> **Records supplied**:
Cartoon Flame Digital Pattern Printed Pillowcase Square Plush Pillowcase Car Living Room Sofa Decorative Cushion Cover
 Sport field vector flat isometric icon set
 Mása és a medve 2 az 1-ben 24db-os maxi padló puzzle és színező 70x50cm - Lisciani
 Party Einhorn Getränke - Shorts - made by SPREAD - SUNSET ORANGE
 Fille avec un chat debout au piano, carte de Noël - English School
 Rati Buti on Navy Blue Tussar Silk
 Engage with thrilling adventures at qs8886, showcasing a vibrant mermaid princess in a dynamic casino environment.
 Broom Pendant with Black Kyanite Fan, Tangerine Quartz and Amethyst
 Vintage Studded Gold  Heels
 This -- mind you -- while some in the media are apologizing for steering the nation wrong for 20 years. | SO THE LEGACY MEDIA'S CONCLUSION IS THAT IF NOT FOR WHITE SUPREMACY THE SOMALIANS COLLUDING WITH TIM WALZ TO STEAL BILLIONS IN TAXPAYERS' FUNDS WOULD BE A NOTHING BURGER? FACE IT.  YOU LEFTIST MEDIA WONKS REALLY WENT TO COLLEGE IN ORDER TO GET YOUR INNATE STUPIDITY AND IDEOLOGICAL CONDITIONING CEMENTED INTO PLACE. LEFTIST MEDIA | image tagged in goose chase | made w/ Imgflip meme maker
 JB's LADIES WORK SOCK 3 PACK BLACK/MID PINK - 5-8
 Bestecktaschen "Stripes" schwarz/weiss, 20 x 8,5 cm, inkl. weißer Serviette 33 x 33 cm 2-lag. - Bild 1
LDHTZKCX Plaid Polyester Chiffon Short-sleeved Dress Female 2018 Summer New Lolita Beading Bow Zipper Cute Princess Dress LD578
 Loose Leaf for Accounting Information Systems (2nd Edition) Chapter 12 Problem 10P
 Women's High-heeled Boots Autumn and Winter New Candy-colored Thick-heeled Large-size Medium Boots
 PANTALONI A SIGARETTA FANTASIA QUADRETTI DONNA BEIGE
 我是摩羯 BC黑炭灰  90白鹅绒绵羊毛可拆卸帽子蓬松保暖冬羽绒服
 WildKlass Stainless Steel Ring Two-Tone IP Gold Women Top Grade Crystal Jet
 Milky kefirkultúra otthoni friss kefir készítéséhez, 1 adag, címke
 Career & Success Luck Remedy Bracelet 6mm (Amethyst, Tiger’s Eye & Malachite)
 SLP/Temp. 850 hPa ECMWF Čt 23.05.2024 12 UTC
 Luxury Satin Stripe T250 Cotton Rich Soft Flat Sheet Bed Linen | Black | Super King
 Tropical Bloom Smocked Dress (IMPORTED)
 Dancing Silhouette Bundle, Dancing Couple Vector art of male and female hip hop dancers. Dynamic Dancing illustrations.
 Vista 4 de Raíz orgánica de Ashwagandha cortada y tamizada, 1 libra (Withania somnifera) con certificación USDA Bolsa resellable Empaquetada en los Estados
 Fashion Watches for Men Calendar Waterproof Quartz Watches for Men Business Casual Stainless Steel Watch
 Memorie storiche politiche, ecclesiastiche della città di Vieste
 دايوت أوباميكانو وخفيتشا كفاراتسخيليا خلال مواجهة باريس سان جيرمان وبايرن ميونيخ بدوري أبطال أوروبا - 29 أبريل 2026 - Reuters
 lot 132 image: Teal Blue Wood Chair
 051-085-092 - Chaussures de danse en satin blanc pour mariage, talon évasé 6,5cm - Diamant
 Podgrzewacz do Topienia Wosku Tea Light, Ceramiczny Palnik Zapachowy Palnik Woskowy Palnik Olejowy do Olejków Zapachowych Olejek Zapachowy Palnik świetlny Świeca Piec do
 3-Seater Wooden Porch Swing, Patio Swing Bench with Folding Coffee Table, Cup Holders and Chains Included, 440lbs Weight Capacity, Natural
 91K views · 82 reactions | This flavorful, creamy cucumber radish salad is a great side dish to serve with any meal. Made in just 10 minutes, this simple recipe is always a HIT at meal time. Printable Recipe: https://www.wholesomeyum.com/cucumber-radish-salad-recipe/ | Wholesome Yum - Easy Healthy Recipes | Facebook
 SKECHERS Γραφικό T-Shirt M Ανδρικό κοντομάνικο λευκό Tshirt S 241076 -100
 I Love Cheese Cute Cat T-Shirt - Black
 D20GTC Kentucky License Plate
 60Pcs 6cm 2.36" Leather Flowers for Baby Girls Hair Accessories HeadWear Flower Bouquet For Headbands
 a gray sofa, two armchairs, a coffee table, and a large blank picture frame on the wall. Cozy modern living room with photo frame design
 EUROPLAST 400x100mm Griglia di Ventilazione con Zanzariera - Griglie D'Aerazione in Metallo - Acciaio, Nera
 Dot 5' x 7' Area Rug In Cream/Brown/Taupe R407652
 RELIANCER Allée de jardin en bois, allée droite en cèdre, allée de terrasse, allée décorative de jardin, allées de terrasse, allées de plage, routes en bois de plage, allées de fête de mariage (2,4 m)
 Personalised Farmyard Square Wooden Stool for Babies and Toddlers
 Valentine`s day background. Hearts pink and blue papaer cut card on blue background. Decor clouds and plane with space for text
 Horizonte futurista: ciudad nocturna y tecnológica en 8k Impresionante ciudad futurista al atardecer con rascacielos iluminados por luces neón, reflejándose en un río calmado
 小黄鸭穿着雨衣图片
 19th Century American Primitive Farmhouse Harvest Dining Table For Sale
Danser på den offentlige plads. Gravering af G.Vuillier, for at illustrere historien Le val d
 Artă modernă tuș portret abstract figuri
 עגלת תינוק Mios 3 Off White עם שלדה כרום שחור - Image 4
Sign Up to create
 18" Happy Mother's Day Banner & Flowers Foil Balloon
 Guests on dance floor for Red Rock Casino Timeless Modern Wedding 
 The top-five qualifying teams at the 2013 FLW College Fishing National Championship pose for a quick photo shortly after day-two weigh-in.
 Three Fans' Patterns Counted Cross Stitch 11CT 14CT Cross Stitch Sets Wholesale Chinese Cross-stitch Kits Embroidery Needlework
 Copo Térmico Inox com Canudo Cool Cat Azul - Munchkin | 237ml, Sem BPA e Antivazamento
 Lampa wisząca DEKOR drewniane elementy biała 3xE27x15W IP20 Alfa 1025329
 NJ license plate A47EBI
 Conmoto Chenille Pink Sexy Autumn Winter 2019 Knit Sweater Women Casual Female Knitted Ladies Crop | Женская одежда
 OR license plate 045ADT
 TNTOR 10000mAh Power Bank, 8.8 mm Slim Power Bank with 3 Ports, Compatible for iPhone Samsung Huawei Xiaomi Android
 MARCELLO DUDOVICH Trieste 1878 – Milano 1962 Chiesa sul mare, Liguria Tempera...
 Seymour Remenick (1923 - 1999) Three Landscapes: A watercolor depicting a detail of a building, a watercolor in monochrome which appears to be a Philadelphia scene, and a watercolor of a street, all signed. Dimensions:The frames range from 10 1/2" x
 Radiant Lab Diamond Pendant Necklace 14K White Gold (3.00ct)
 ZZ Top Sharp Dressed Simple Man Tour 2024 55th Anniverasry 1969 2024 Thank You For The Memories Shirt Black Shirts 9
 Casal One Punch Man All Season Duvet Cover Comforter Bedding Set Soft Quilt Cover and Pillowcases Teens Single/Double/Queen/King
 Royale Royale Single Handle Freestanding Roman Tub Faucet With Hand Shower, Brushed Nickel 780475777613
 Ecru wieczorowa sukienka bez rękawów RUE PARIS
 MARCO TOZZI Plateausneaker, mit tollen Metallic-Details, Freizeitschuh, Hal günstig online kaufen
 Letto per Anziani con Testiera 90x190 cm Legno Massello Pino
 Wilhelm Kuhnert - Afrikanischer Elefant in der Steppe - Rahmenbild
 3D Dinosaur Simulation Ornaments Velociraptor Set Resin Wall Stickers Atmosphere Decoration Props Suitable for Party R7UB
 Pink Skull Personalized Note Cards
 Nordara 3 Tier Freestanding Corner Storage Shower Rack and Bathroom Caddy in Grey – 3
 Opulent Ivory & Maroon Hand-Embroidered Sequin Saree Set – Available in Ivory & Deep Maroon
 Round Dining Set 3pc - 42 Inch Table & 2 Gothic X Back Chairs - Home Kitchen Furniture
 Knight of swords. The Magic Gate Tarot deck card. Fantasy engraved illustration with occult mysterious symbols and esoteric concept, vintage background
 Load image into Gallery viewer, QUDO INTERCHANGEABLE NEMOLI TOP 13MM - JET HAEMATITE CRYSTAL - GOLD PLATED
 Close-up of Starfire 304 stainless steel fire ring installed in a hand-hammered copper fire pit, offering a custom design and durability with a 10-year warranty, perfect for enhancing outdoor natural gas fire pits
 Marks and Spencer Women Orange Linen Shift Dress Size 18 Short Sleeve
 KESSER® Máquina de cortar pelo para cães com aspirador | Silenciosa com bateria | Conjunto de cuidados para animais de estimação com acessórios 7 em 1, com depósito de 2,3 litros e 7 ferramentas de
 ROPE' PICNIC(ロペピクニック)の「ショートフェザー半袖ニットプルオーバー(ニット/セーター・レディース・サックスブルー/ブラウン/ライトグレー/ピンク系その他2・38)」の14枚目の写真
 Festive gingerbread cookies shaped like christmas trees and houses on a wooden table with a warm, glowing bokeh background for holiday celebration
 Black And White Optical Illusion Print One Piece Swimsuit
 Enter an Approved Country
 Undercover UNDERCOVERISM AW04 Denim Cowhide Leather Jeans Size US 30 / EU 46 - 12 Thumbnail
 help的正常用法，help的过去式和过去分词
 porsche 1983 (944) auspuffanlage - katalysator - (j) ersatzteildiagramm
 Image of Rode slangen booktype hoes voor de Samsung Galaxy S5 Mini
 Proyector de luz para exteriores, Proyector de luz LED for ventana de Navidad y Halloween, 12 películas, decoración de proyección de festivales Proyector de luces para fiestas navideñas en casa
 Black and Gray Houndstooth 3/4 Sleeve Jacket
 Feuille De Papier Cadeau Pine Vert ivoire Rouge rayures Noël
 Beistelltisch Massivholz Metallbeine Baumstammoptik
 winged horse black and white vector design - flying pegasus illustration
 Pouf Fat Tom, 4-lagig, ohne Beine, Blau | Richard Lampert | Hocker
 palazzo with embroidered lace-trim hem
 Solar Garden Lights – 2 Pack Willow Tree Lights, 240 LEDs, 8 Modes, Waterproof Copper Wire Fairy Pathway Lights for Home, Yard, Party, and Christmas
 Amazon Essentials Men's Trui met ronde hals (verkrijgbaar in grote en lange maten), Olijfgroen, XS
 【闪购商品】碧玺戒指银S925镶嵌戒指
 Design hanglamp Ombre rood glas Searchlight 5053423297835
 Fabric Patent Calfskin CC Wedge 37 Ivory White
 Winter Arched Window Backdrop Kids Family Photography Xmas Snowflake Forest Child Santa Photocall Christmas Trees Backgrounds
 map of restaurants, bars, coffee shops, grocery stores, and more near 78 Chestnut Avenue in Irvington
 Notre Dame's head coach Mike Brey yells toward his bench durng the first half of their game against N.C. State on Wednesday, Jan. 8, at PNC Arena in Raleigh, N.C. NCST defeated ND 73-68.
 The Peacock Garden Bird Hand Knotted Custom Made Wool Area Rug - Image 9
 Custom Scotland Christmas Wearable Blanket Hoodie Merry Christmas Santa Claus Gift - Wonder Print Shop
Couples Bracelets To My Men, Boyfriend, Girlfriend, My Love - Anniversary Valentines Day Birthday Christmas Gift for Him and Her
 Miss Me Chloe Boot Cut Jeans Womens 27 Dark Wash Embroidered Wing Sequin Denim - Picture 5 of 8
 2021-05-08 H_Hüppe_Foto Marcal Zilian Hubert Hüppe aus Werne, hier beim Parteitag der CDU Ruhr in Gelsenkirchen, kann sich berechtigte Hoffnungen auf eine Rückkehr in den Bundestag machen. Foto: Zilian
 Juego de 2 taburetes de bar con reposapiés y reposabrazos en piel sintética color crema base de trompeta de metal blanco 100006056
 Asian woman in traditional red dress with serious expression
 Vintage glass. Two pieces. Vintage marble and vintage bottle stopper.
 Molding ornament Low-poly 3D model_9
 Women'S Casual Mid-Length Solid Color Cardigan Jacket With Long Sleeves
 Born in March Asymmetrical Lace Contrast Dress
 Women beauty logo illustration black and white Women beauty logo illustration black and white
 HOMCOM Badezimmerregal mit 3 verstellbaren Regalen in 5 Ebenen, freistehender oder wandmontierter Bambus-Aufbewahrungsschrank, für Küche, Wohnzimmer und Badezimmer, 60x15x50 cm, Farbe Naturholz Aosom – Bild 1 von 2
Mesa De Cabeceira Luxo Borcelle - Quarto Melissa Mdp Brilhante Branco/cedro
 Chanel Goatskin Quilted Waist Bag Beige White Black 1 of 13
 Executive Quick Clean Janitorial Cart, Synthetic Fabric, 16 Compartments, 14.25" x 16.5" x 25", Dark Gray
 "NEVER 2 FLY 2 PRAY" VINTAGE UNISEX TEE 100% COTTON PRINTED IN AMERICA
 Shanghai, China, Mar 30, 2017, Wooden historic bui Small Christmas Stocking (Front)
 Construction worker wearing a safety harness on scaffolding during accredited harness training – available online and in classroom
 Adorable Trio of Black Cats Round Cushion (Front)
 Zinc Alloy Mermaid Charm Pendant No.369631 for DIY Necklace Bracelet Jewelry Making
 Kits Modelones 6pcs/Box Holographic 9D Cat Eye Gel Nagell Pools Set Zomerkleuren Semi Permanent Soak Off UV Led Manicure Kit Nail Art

> **Exercise prompt**: Output the lines above exactly, but only those between the line holding "Load image into" and the line holding "Marks and Spencer", inclusive.

> **Finished exercise**:
 Load image into Gallery viewer, QUDO INTERCHANGEABLE NEMOLI TOP 13MM - JET HAEMATITE CRYSTAL - GOLD PLATED
 Close-up of Starfire 304 stainless steel fire ring installed in a hand-hammered copper fire pit, offering a custom design and durability with a 10-year warranty, perfect for enhancing outdoor natural gas fire pits
 Marks and Spencer Women Orange Linen Shift Dress Size 18 Short Sleeve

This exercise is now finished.